* What is being asked:
For each line below, print it again exactly as shown.

[Given information — start]

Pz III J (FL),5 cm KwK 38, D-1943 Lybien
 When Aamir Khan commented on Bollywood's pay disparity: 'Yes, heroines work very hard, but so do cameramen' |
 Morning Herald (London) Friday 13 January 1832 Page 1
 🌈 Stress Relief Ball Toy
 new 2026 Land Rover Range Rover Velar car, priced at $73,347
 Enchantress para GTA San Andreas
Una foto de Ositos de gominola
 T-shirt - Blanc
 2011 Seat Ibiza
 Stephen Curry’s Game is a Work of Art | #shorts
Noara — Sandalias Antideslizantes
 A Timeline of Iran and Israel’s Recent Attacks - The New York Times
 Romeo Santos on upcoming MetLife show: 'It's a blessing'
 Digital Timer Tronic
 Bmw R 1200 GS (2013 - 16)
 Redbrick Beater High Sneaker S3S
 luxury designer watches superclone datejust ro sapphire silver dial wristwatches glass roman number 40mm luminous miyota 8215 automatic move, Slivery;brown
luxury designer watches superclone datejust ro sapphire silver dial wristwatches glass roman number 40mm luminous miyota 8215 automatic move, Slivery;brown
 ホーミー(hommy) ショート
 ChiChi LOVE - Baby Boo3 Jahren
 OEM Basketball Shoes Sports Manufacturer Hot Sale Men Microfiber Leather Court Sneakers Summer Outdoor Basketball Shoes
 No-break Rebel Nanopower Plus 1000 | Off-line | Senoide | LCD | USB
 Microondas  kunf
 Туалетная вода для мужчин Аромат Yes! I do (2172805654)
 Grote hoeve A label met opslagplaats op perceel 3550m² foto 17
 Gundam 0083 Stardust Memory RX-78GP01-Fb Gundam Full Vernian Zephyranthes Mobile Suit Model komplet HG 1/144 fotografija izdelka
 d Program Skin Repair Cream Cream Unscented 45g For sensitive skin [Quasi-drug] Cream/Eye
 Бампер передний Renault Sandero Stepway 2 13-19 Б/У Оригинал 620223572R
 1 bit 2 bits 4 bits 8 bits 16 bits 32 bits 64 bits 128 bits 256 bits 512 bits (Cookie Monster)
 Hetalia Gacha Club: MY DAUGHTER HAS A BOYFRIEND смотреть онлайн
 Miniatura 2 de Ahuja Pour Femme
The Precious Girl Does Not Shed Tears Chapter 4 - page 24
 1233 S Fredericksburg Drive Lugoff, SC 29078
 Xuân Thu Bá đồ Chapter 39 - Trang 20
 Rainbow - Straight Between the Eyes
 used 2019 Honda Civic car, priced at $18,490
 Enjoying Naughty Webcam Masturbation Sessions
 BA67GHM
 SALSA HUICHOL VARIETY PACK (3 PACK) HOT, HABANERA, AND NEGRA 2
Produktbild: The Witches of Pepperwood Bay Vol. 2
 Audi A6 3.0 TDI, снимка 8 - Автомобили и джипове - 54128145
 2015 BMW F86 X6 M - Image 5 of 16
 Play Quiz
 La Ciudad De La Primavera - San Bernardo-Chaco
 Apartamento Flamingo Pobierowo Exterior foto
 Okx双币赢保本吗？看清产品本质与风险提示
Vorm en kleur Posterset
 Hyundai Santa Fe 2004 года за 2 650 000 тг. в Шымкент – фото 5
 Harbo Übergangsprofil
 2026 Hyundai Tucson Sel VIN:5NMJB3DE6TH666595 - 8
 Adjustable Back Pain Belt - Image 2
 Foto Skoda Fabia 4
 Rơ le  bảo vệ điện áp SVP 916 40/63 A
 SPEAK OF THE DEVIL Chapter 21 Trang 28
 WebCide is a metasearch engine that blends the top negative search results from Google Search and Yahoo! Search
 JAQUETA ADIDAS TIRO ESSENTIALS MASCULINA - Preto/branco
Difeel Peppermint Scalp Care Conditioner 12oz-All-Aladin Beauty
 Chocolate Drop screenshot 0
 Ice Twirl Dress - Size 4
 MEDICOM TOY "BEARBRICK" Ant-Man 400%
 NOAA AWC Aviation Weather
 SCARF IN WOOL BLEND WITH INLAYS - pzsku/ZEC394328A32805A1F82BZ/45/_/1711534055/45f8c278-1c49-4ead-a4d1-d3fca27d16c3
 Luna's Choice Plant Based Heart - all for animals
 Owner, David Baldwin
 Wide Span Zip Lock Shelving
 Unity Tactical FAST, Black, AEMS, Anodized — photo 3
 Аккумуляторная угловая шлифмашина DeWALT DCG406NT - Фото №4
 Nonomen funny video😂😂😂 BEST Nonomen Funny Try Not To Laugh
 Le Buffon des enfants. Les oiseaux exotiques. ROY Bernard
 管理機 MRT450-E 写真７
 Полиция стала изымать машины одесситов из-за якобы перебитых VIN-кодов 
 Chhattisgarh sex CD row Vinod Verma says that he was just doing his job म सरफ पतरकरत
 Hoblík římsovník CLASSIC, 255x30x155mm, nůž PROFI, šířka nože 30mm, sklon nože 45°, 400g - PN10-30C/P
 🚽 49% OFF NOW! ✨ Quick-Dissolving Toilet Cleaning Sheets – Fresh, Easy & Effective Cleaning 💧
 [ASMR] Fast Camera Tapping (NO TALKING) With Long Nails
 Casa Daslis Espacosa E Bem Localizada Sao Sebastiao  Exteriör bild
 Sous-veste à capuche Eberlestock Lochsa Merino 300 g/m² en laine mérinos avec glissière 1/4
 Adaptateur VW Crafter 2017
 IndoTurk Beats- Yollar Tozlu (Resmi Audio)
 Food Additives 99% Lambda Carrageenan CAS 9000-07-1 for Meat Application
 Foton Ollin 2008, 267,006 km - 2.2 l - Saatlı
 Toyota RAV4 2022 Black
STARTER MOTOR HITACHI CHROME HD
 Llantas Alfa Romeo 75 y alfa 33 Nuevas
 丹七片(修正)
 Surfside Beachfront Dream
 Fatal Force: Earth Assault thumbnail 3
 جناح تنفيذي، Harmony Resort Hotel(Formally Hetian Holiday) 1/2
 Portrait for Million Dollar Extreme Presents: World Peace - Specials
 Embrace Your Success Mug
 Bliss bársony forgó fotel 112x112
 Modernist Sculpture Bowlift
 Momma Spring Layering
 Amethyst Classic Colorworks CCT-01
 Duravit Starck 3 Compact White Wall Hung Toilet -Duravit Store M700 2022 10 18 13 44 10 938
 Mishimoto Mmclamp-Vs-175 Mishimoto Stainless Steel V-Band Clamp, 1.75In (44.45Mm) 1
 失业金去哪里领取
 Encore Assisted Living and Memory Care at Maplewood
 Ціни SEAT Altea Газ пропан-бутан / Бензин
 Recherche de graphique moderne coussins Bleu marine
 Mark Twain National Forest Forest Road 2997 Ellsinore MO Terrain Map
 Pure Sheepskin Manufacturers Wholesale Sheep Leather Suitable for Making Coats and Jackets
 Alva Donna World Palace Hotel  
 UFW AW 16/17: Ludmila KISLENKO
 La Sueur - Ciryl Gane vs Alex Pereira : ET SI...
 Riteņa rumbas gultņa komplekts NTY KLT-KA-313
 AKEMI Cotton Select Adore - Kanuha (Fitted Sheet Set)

[Given information — finish]

* Exercise output:
Pz III J (FL),5 cm KwK 38, D-1943 Lybien
 When Aamir Khan commented on Bollywood's pay disparity: 'Yes, heroines work very hard, but so do cameramen' |
 Morning Herald (London) Friday 13 January 1832 Page 1
 🌈 Stress Relief Ball Toy
 new 2026 Land Rover Range Rover Velar car, priced at $73,347
 Enchantress para GTA San Andreas
Una foto de Ositos de gominola
 T-shirt - Blanc
 2011 Seat Ibiza
 Stephen Curry’s Game is a Work of Art | #shorts
Noara — Sandalias Antideslizantes
 A Timeline of Iran and Israel’s Recent Attacks - The New York Times
 Romeo Santos on upcoming MetLife show: 'It's a blessing'
 Digital Timer Tronic
 Bmw R 1200 GS (2013 - 16)
 Redbrick Beater High Sneaker S3S
 luxury designer watches superclone datejust ro sapphire silver dial wristwatches glass roman number 40mm luminous miyota 8215 automatic move, Slivery;brown
luxury designer watches superclone datejust ro sapphire silver dial wristwatches glass roman number 40mm luminous miyota 8215 automatic move, Slivery;brown
 ホーミー(hommy) ショート
 ChiChi LOVE - Baby Boo3 Jahren
 OEM Basketball Shoes Sports Manufacturer Hot Sale Men Microfiber Leather Court Sneakers Summer Outdoor Basketball Shoes
 No-break Rebel Nanopower Plus 1000 | Off-line | Senoide | LCD | USB
 Microondas  kunf
 Туалетная вода для мужчин Аромат Yes! I do (2172805654)
 Grote hoeve A label met opslagplaats op perceel 3550m² foto 17
 Gundam 0083 Stardust Memory RX-78GP01-Fb Gundam Full Vernian Zephyranthes Mobile Suit Model komplet HG 1/144 fotografija izdelka
 d Program Skin Repair Cream Cream Unscented 45g For sensitive skin [Quasi-drug] Cream/Eye
 Бампер передний Renault Sandero Stepway 2 13-19 Б/У Оригинал 620223572R
 1 bit 2 bits 4 bits 8 bits 16 bits 32 bits 64 bits 128 bits 256 bits 512 bits (Cookie Monster)
 Hetalia Gacha Club: MY DAUGHTER HAS A BOYFRIEND смотреть онлайн
 Miniatura 2 de Ahuja Pour Femme
The Precious Girl Does Not Shed Tears Chapter 4 - page 24
 1233 S Fredericksburg Drive Lugoff, SC 29078
 Xuân Thu Bá đồ Chapter 39 - Trang 20
 Rainbow - Straight Between the Eyes
 used 2019 Honda Civic car, priced at $18,490
 Enjoying Naughty Webcam Masturbation Sessions
 BA67GHM
 SALSA HUICHOL VARIETY PACK (3 PACK) HOT, HABANERA, AND NEGRA 2
Produktbild: The Witches of Pepperwood Bay Vol. 2
 Audi A6 3.0 TDI, снимка 8 - Автомобили и джипове - 54128145
 2015 BMW F86 X6 M - Image 5 of 16
 Play Quiz
 La Ciudad De La Primavera - San Bernardo-Chaco
 Apartamento Flamingo Pobierowo Exterior foto
 Okx双币赢保本吗？看清产品本质与风险提示
Vorm en kleur Posterset
 Hyundai Santa Fe 2004 года за 2 650 000 тг. в Шымкент – фото 5
 Harbo Übergangsprofil
 2026 Hyundai Tucson Sel VIN:5NMJB3DE6TH666595 - 8
 Adjustable Back Pain Belt - Image 2
 Foto Skoda Fabia 4
 Rơ le  bảo vệ điện áp SVP 916 40/63 A
 SPEAK OF THE DEVIL Chapter 21 Trang 28
 WebCide is a metasearch engine that blends the top negative search results from Google Search and Yahoo! Search
 JAQUETA ADIDAS TIRO ESSENTIALS MASCULINA - Preto/branco
Difeel Peppermint Scalp Care Conditioner 12oz-All-Aladin Beauty
 Chocolate Drop screenshot 0
 Ice Twirl Dress - Size 4
 MEDICOM TOY "BEARBRICK" Ant-Man 400%
 NOAA AWC Aviation Weather
 SCARF IN WOOL BLEND WITH INLAYS - pzsku/ZEC394328A32805A1F82BZ/45/_/1711534055/45f8c278-1c49-4ead-a4d1-d3fca27d16c3
 Luna's Choice Plant Based Heart - all for animals
 Owner, David Baldwin
 Wide Span Zip Lock Shelving
 Unity Tactical FAST, Black, AEMS, Anodized — photo 3
 Аккумуляторная угловая шлифмашина DeWALT DCG406NT - Фото №4
 Nonomen funny video😂😂😂 BEST Nonomen Funny Try Not To Laugh
 Le Buffon des enfants. Les oiseaux exotiques. ROY Bernard
 管理機 MRT450-E 写真７
 Полиция стала изымать машины одесситов из-за якобы перебитых VIN-кодов 
 Chhattisgarh sex CD row Vinod Verma says that he was just doing his job म सरफ पतरकरत
 Hoblík římsovník CLASSIC, 255x30x155mm, nůž PROFI, šířka nože 30mm, sklon nože 45°, 400g - PN10-30C/P
 🚽 49% OFF NOW! ✨ Quick-Dissolving Toilet Cleaning Sheets – Fresh, Easy & Effective Cleaning 💧
 [ASMR] Fast Camera Tapping (NO TALKING) With Long Nails
 Casa Daslis Espacosa E Bem Localizada Sao Sebastiao  Exteriör bild
 Sous-veste à capuche Eberlestock Lochsa Merino 300 g/m² en laine mérinos avec glissière 1/4
 Adaptateur VW Crafter 2017
 IndoTurk Beats- Yollar Tozlu (Resmi Audio)
 Food Additives 99% Lambda Carrageenan CAS 9000-07-1 for Meat Application
 Foton Ollin 2008, 267,006 km - 2.2 l - Saatlı
 Toyota RAV4 2022 Black
STARTER MOTOR HITACHI CHROME HD
 Llantas Alfa Romeo 75 y alfa 33 Nuevas
 丹七片(修正)
 Surfside Beachfront Dream
 Fatal Force: Earth Assault thumbnail 3
 جناح تنفيذي، Harmony Resort Hotel(Formally Hetian Holiday) 1/2
 Portrait for Million Dollar Extreme Presents: World Peace - Specials
 Embrace Your Success Mug
 Bliss bársony forgó fotel 112x112
 Modernist Sculpture Bowlift
 Momma Spring Layering
 Amethyst Classic Colorworks CCT-01
 Duravit Starck 3 Compact White Wall Hung Toilet -Duravit Store M700 2022 10 18 13 44 10 938
 Mishimoto Mmclamp-Vs-175 Mishimoto Stainless Steel V-Band Clamp, 1.75In (44.45Mm) 1
 失业金去哪里领取
 Encore Assisted Living and Memory Care at Maplewood
 Ціни SEAT Altea Газ пропан-бутан / Бензин
 Recherche de graphique moderne coussins Bleu marine
 Mark Twain National Forest Forest Road 2997 Ellsinore MO Terrain Map
 Pure Sheepskin Manufacturers Wholesale Sheep Leather Suitable for Making Coats and Jackets
 Alva Donna World Palace Hotel  
 UFW AW 16/17: Ludmila KISLENKO
 La Sueur - Ciryl Gane vs Alex Pereira : ET SI...
 Riteņa rumbas gultņa komplekts NTY KLT-KA-313
 AKEMI Cotton Select Adore - Kanuha (Fitted Sheet Set)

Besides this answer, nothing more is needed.